Complete Genomics, Inc., 2071 Stierlin Ct., Mountain View, CA, 94043, USA.
Harvard Personal Genome Project, Harvard Medical School, NRB 238, 77 Avenue Louis Pasteur, Boston, MA, 02115, USA.
Gigascience. 2016 Oct 11;5(1):42. doi: 10.1186/s13742-016-0148-z.
Since the completion of the Human Genome Project in 2003, it is estimated that more than 200,000 individual whole human genomes have been sequenced. A stunning accomplishment in such a short period of time. However, most of these were sequenced without experimental haplotype data and are therefore missing an important aspect of genome biology. In addition, much of the genomic data is not available to the public and lacks phenotypic information.

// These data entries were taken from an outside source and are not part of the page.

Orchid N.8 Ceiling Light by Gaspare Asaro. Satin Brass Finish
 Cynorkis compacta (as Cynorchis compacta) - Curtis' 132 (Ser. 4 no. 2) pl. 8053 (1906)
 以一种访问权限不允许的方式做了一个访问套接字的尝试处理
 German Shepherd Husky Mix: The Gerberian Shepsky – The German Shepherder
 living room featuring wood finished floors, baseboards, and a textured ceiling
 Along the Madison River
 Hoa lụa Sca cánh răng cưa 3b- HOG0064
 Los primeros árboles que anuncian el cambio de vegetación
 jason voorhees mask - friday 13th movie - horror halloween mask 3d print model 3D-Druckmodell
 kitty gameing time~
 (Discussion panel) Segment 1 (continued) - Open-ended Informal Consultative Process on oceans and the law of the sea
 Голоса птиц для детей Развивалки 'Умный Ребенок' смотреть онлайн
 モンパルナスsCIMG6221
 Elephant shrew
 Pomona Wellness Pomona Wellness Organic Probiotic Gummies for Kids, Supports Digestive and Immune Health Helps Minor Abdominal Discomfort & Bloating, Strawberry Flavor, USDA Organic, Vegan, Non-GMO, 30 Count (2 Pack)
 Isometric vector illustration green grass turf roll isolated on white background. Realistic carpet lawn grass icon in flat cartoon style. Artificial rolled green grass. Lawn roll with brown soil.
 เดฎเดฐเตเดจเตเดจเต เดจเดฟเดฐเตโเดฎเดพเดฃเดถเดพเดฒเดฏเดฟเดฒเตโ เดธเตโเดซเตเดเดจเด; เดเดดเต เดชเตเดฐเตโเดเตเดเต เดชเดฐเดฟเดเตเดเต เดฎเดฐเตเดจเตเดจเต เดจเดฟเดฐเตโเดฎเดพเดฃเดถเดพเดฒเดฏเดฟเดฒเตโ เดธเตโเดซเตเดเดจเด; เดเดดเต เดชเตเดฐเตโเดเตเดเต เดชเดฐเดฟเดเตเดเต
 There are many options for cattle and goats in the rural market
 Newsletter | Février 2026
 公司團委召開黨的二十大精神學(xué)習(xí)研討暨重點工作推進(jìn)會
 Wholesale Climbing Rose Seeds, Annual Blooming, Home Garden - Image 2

As part of the Personal Genome Project, blood samples from 184 participants were collected and processed using Complete Genomics' Long Fragment Read technology. Here, we present the experimental whole genome haplotyping and sequencing of these samples to an average read coverage depth of 100X. This is approximately three-fold higher than the read coverage applied to most whole human genome assemblies and ensures the highest quality results. Currently, 114 genomes from this dataset are freely available in the GigaDB repository and are associated with rich phenotypic data; the remaining 70 should be added in the near future as they are approved through the PGP data release process. For reproducibility analyses, 20 genomes were sequenced at least twice using independent LFR barcoded libraries. Seven genomes were also sequenced using Complete Genomics' standard non-barcoded library process. In addition, we report 2.6 million high-quality, rare variants not previously identified in the Single Nucleotide Polymorphisms database or the 1000 Genomes Project Phase 3 data.
These genomes represent a unique source of haplotype and phenotype data for the scientific community and should help to expand our understanding of human genome evolution and function.
自 2003 年人类基因组计划完成以来,据估计已经有超过 20 万个完整的人类基因组被测序。在如此短的时间内取得了惊人的成就。然而,其中大多数基因组在测序时没有实验单倍型数据,因此缺少了基因组生物学的一个重要方面。此外,大部分基因组数据公众无法获取,且缺乏表型信息。
作为个人基因组计划的一部分,从 184 名参与者身上采集了血液样本,并用 Complete Genomics 的长片段读取技术对其进行了处理。在这里,我们展示了这些样本的实验性全基因组单倍型测序和测序,平均读取覆盖率达到 100X。这大约是大多数全人类基因组组装应用的读取覆盖率的三倍,可确保最高质量的结果。目前,该数据集的 114 个基因组可在 GigaDB 存储库中免费获取,且与丰富的表型数据相关联;其余 70 个基因组应在不久的将来添加,因为它们将通过 PGP 数据发布过程获得批准。为了进行可重复性分析,使用独立的 LFR 条形码文库至少对 20 个基因组进行了两次测序。还使用 Complete Genomics 的标准非条形码文库过程对 7 个基因组进行了测序。此外,我们报告了 260 万个高质量的罕见变体,这些变体以前未在单核苷酸多态性数据库或 1000 基因组计划第三阶段数据中被识别。
这些基因组代表了单倍型和表型数据的独特来源,可供科学界使用,应该有助于扩大我们对人类基因组进化和功能的理解。